Nem quem anda armado escapa de ser assassinado no Brasil. Na última sexta-feira (5), um policial militar do Rio de Janeiro foi baleado e morto em um acesso à Ponte Rio-Niterói. A polícia apura se Marcos Braz de Moraes, 43 anos, foi vítima de uma tentativa de assalto. Ele servia no Palácio Guanabara, sede do governo do Rio, responsável pela política de segurança pública no estado. A família de Marcos compõe estatística inédita mostrada por uma pesquisa realizada pelo Instituto Datafolha a pedido do Fórum Brasileiro de Segurança Pública (FBSP). Sob o ponto de vista dos que ficam e sobrevivem, os números mostram que um em cada três brasileiros com 16 anos ou mais, pelo menos 50 milhões de brasileiros, têm um parente ou amigo vítima de homicídio ou latrocínio (roubo seguido de morte).
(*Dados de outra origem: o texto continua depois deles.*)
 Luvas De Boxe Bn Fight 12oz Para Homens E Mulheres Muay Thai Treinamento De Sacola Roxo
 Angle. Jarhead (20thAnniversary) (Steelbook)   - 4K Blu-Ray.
O levantamento também mostra que a população entende que é necessário ampliar a articulação governamental em torno do enfrentamento à violência. Quase todos os entrevistados, 94%, reconhecem que o nível de homicídios é muito alto no Brasil e 96% acreditam que as diversas esferas do governo precisam se unir para diminuir os crimes e a violência, já que a obrigação não seria somente das polícias, mas também do governo federal (para 84% dos entrevistados), dos estados (83%), dos municípios (81%) e do Congresso Nacional (77%).
O diretor-presidente do Fórum Brasileiro de Segurança Pública, Renato Sérgio de Lima, destaca o principal recado que a pesquisa traz: a população não tolera mais a violência. Para Renato, ninguém aguenta mais o jogo de empurra sobre quem é o responsável pela segurança. “As pessoas estão exaustas da violência e estão pedindo socorro. Todo mundo é responsável. E elas apontam uma solução, que é a unificação da União, dos estados, municípios, das polícias, para que o assunto seja tratado como prioridade”, comenta.
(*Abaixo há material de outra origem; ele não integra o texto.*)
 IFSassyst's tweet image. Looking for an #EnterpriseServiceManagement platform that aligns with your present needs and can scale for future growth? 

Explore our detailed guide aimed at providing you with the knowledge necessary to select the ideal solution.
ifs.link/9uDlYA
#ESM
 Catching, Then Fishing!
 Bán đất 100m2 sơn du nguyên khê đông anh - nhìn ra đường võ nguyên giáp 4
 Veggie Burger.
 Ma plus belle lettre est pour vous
O papel das polícias também tem destaque importante na pesquisa. Entre 5,9 milhões e 20,2 milhões têm um parente, amigo ou conhecido que foi morto pelas polícias ou guardas municipais, percentual que se eleva entre os mais jovens, chegando a 17% da população entre 16 e 24 anos. Além disso, 92% afirmam que todos têm direitos iguais e devem ser respeitados pelas polícias e 93% afirmam que a polícia deve preservar a vida acima de tudo. “Não é essa polícia que os brasileiros querem. Queremos uma polícia mais próxima, mais valorizada, respeitada e confiável. A mudança, por um lado, passa por medidas de modernização da área e, por outro, por inovações gerenciais e boas práticas. Hoje a gente bate muita cabeça, trabalha demais, mas os resultados são insatisfatórios”, comenta Renato.
Armas de fogo
Em meio ao cenário de tanta violência, na Câmara dos Deputados, a bancada da bala pressiona o presidente Rodrigo Maia (DEM-RJ) para pautar com urgência a votação em plenário do substitutivo que revoga o Estatuto do Desarmamento. Os deputados querem tornar menos rígidas as regras para a compra, registro e porte de armas de fogo no país. A expectativa deles é aprovar a matéria no final deste semestre. Segundo dados da pesquisa, 78% dos entrevistados acreditam que quanto mais armas em circulação, mais mortes haverá no país, reforçando a importância do controle de armas na redução da violência.
Os números também mostram que 4% das pessoas maiores de 16 anos, de 4,9 milhões a 7,5 milhões, considerando a margem de erro, já sofreram algum ferimento por arma de fogo. O diretor-presidente do FBSP destaca que este é outro aspecto muito importante do levantamento. “A população tá sentindo na própria pele a violência. As pessoas estão sendo feridas. Se a gente não pensar no controle da arma, a gente está incentivando a barbárie”, comenta Renato Lima.